Didn't he promise during the campaign to sign SCHIP?
Promise kept!
Anyone who didn't realize that Democrats always lie about tax
increases hasn't been paying attention.
Anyone who didn't realize that Democrats
politicians always lie about tax increases hasn't been paying
attention.
fixed.
Cal, we haven't had a Federal tax increase since 1994 until Obama took office.The GOP did something right-give them credit for that.
And the true tax level is the amount of money the government spends. The rest is just details about when the taxes are going to be levied.
And the true tax level is the amount of money the government
spends. The rest is just details about when the taxes are going to
be levied.
I approve this message.
And the true tax level is the amount of money the government
spends. The rest is just details about when the taxes are going to
be levied.
Not necessarily true. If the ownership of private
companies by the government starts to turn a profit: GM,
AIG...
Oh shit, did I say that?
As long as I can have my "two TVs and two Cadillac cars, man...You
could just dance to the Rock and Roll station..."
Obama is just another power grasping, self serving, lying
politician?
Who could have predicted that?
"It's worth emphasizing that this analysis isn't holding Obama
to some libertarian standard of the ideal president"

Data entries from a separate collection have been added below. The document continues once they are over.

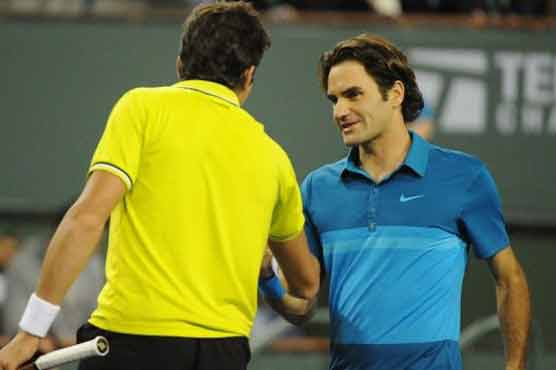 Nadal, Federer, Azarenka advance at Indian Wells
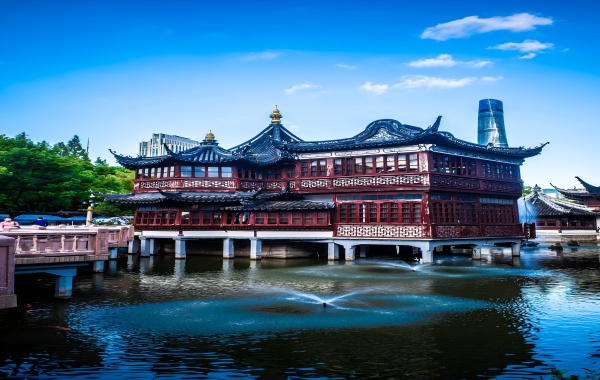 上海クラシック1デーツアー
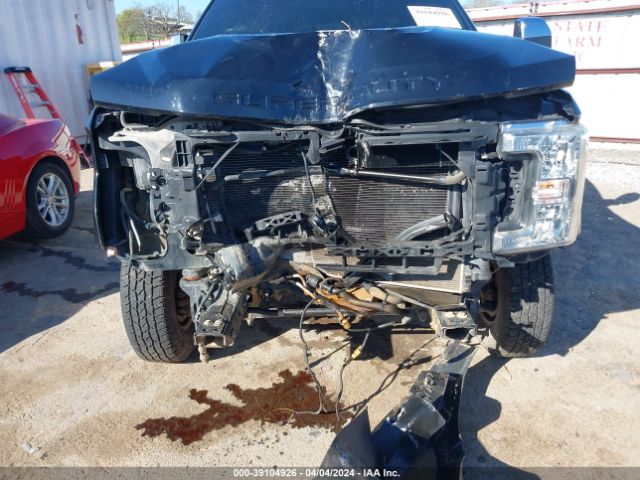 Photo 5 VIN: 1FT8W3DT4HEC40108 - FORD F350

Even so, it would be nice to see him acting on his libertarian
rhetoric about the drug war, or on same sex marriage and civil
rights.
So far he's been an old school New Dealer. No social freedom and
certainly no economic freedom. He's a better looking Tip O'Neill,
but what we need is a better looking Daniel Patrick Moynihan.
It would also be nice to see Libertarians (and other "third-parties") doing everything they can to spotlight such consistently ongoing Republocratic/Demopublican hypocrisies, and perhaps wedge the door open just a little wider for challenge against the Big Two political parties with alternative competition.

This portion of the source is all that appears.